In accordance to your question, they serve two functions related to experience:

1: Repairing and Renaming Items

Unlike crafting to repair items, Anvils can use materials to repair or combine two items. Anvils can both retain enchantments and expand on them. The player can also rename any item - not just tools or armor - using this method. This costs levels proportional to what is given. Simply renaming an item will cost 5 levels for a non-tool/armor item, whereas renaming and repairing an enchanted tool/armor is substantially more. On each use, anvils have a 12% chance to be damaged. On its last use, the GUI will close and the anvil will disappear, dropping the item on the ground.

2: Combining Enchantments

Due to the lack of a level cap in creative mode, it is now possible to combine any two (or more) enchantments on two items. Owing to the anvils ability to add two enchantments together to make a better version (like two sharpness 2 swords can be combined to a sharpness 3 sword), and the lack of a enchantment number cap (a knockback and looting sword can be combined with a fire and sharpness sword to make a knockback, looting, fire, and sharpness sword).

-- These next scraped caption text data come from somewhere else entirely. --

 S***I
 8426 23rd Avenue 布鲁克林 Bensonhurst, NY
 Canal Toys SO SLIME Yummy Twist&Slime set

Alone, each of these attributes is useful, but when combined together, it is possible (in creative) to make a Sharpness V, Fire Aspect II, Knockback II, Looting III Diamond Sword from a whole pile of lower enchantment tier diamond swords. (Ex: 16 Sharpness I swords, 4 Fire Aspect I swords, 4 Knockback I swords, and 8 Looting I swords can be combined into a sword with the enchantments listed above.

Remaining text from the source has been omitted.